__WHAT YOU SHOULD DO__
Please return the data word for word and leave out any picture it contains.

__INFORMATION PROVIDED__

[Start of Attachment]

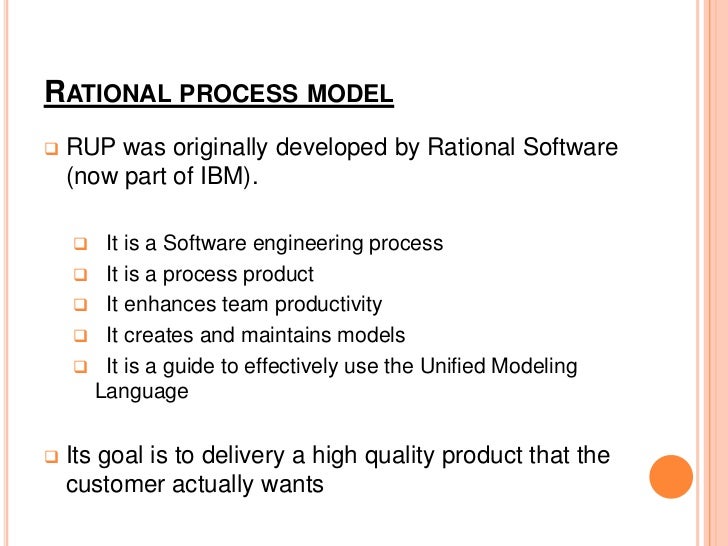 RUP model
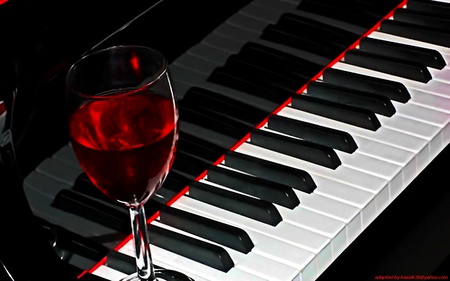 piano - white, piano, wine, red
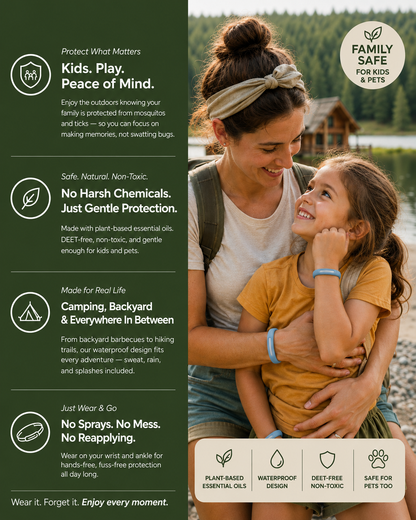 Arvelo Halo™ Mosquito/Tick Repellent Wristband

[End of Attachment]

__THE ANSWER__
 RUP model
 piano - white, piano, wine, red
 Arvelo Halo™ Mosquito/Tick Repellent Wristband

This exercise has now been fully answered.